I am in a hurry, I will get back with you a little later. 

Where are you located?


----------



## farmgirljen (Jul 19, 2011)

We are in Oregon. Only looking to show in 4H level shows, and do a meat goat project for a 5th grade kid. We have 7acres though, and there is a large market for goat meat in our area-and we love spotted goats.


----------



## Roll farms (Jul 19, 2011)

I registered an 88% spotted boy (in my avi) w/ USBGA.

I have had kiko kids win meat shows...it just depends on if it's a BOER-loving judge, or one who acutally judges for market quality / meat. 
I say, the BEST goat should win...but if a judge raises trads....who do you think he's going to pick???


----------



## farmgirljen (Jul 19, 2011)

HeeHee, we experience the same thing with our Clydesdales at open horse shows,lol... Many judges are not familiar with clyde conformation,so therefore do not know how to judge us... Thanks for the answers so far.


----------



## M.R. Lops (Jul 19, 2011)

I show in 4-H, we have purebred Boers that are ABGA registered and some mix breed dairy goats.  No, for all the shows I've shown at they do not have to be purebred or registered.  In Dairy Goats and I think meat goats to, different breeds are judged separately.  At my shows they even judge cross breeds separately, which is nice because not many people show cross breed dairy goats.  Everyone in the 2 shows I show in have boers or boer cross meat goats, so they're all judged together.  They don't have to be purebred and you can even register percentage meat goats.  I've had some boer and nubian crosses that have really well.  I actually am looking into getting some spotted goats or more colorful boers to add to our herd, but there aren't many in my area.  And I think someone said before they don't usually show as well though.  Well, good luck!


----------



## 20kidsonhill (Jul 19, 2011)

They often don't show as well, because there is such a demand for them, breeders are selling stock that should not be used for breeding.  The overall quality of registered spotted boer is lower than the traditional colors.  People are pickier about the traditional boer goat and the ones that aren't good quality are often butchered.
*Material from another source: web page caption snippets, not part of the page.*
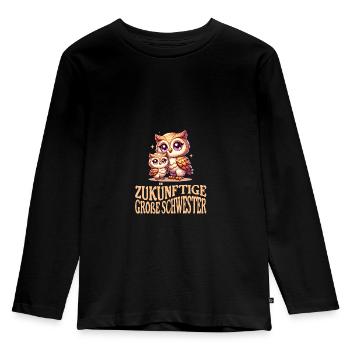 Future big sister, soon to be big sister - Kids' Premium Longsleeve Shirt - black - Front - AI Model Kid Male (0cm)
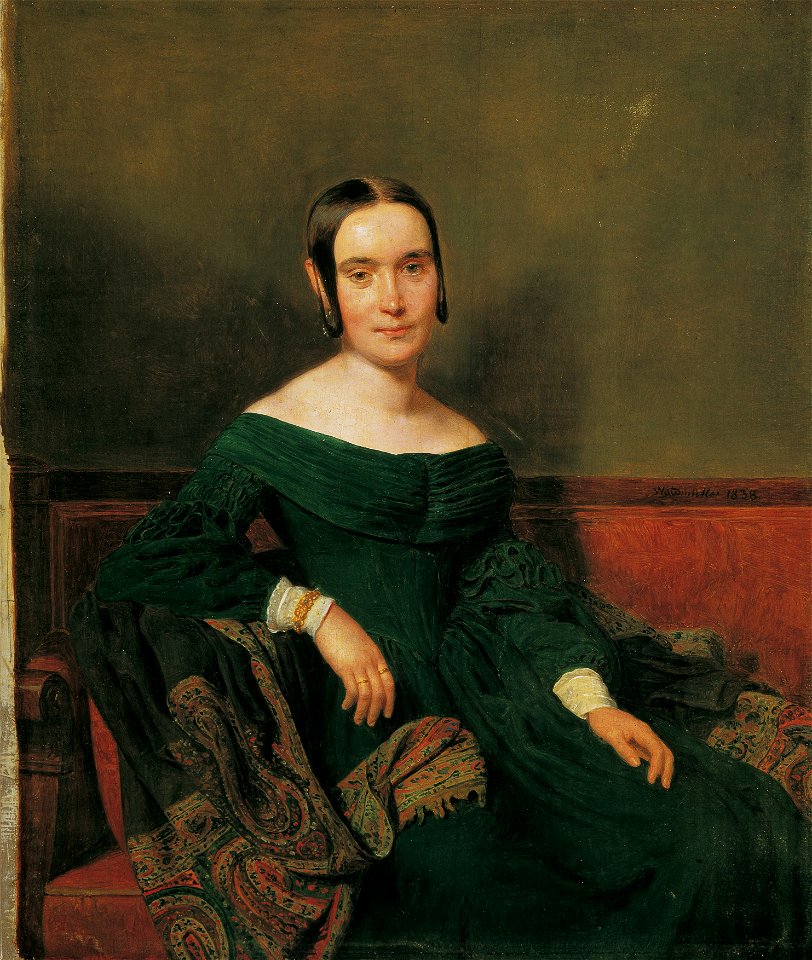 Ferdinand Georg Waldmüller - Dame in zinnobergrünem Kleid - 1237 - Österreichische Galerie Belvedere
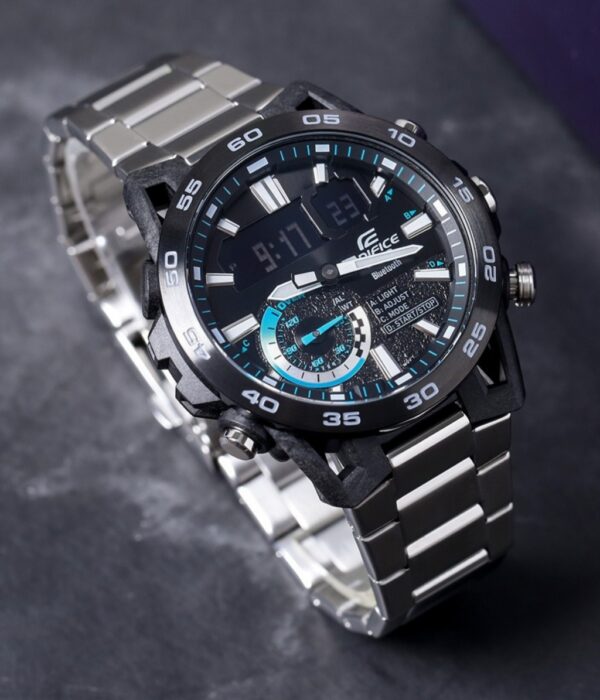 Đồng hồ Casio ECB-40DB-1ADF Nam máy Pin (Quartz) Dây Inox (Thép Không Gỉ) mặt Tròn chính hãng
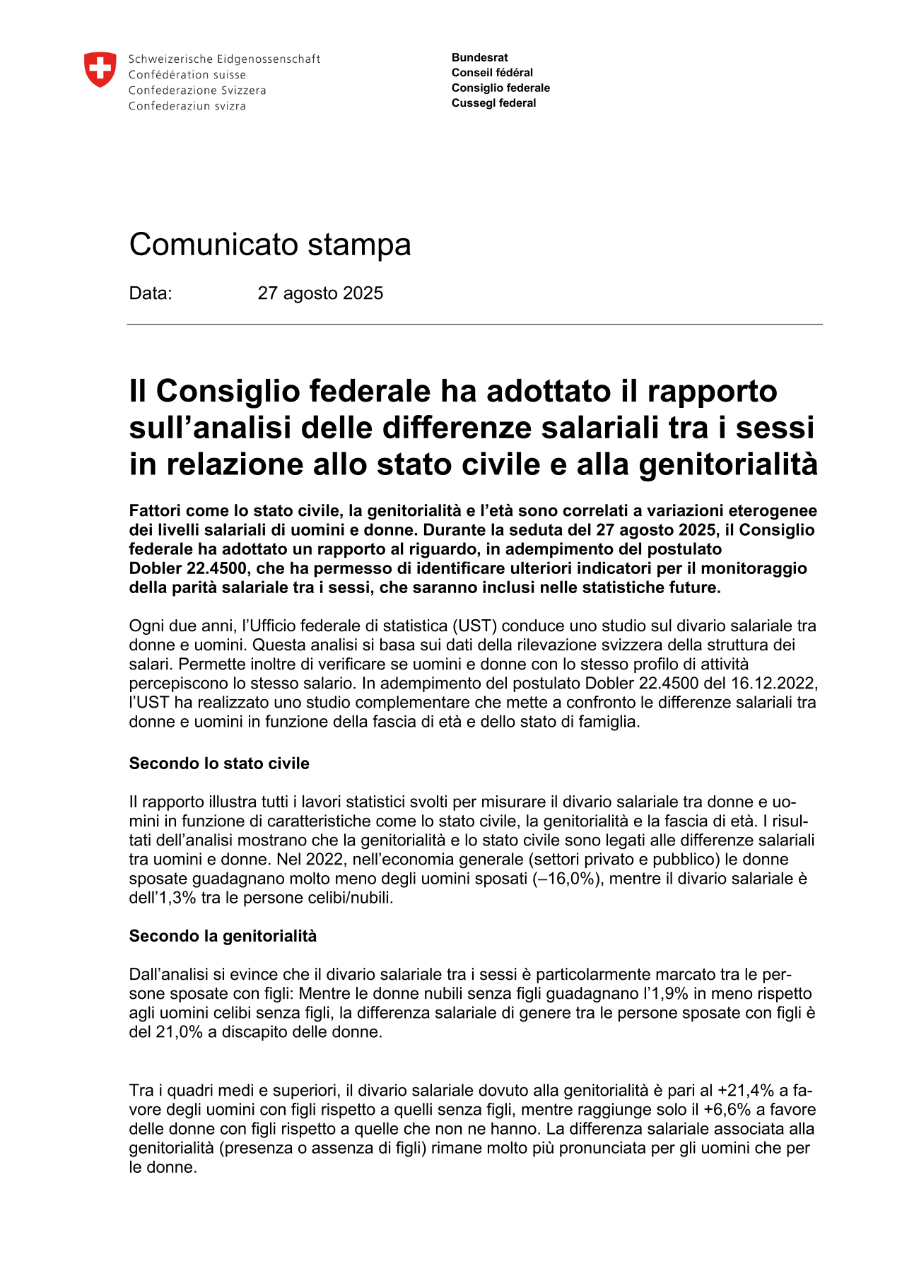 Il Consiglio federale ha adottato il rapporto sull'analisi delle differenze salariali tra i sessi in relazione allo stato civile e alla genitorialità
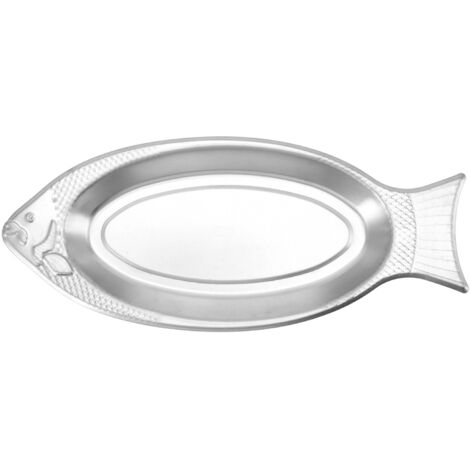 Extra dicke, fischförmige Servierplatte aus Edelstahl für Geburtstag und Hochzeit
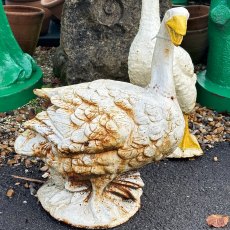 Painted Cast Iron Duck Statue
Just about all spotted boer goats are sold right now for breeding. NOt saying there aren't some good quality spotted boer out there, but you are going to pay for them. You are even going to pay plenty for the not so good spotted boer.


you have to really now what you are looking for and pick out good onse and be prepared to pay for them.  Kids buying whether goats, don't have an endless supply of money to pay for them, and often pick the colors because they are cute and over look structure, therefore the onse I have seen often don't do very well. It could be different in different areas depending on how popular spotted/colored boer are and how much good quality stock is available.  


There are a lot of years behind breeding good quality traditional boers, it is going to take some more time for the reds and spotted to catch up to this. In my mind it really isn't the same as comparing two different breeds with in a species.


----------